Dès lors, considérons quelques idées à la base de nombreuses
initiatives au goût du jour.
Circuit
court.
Pour
des raisons écologiques et climatiques, la notion de « circuit
court » s’est imposée ces derniers temps. Le principe est simple.
Si on réduit la distance entre les producteurs et les consommateurs,
ces derniers ont une meilleure connaissance des conditions de
production, et les transports sont réduits. D’où, économies d’énergie
et réduction de CO2.
Pour le bien des hôtes de notre planète,
on ne peut donc que se réjouir de la popularité croissante de ce
concept. Cependant, on ne retient généralement que les situations à
notre avantage. Or, cela fonctionne dans les deux sens.

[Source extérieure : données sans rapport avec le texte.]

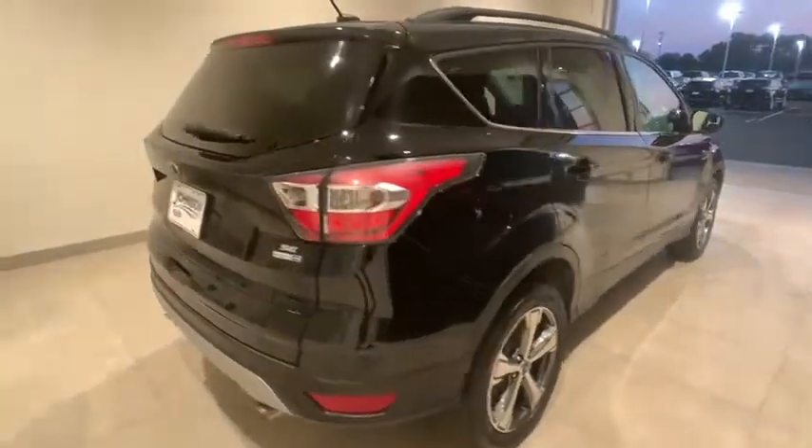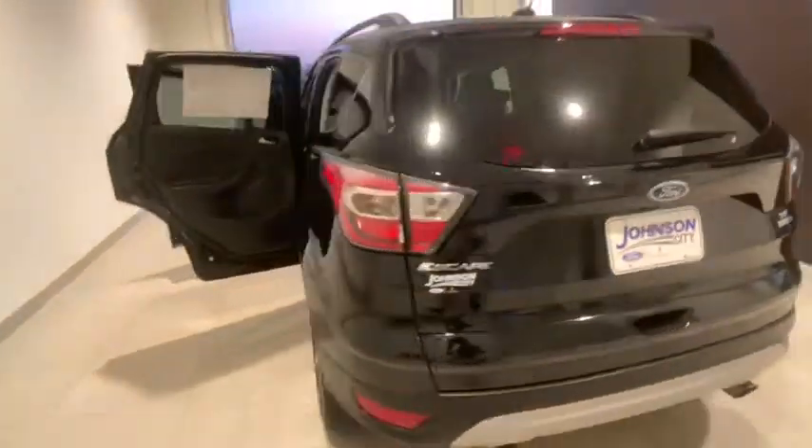This vehicle has less than 45,000 miles. Here are some of this vehicle's great options.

Ainsi, SOS faim nous rappelait
dernièrement l’absurdité de nos exportations de frites au Pérou au détriment des paysans locaux. Et
ce, au pays d’origine de la pomme de terre.
Consommons
local.
En
suite de la période de confinement, une notion apparemment parallèle
s’est développée : « Consommons local ». Le concept est
ici plus vague.
S’agit-il de consommer des objets et
denrées produits localement, ou simplement vendus par un commerçant
local ? Il ne s’agit donc plus ici nécessairement de circuit
court. Par ailleurs, la notion de « local » est sujette à
diverses interprétations.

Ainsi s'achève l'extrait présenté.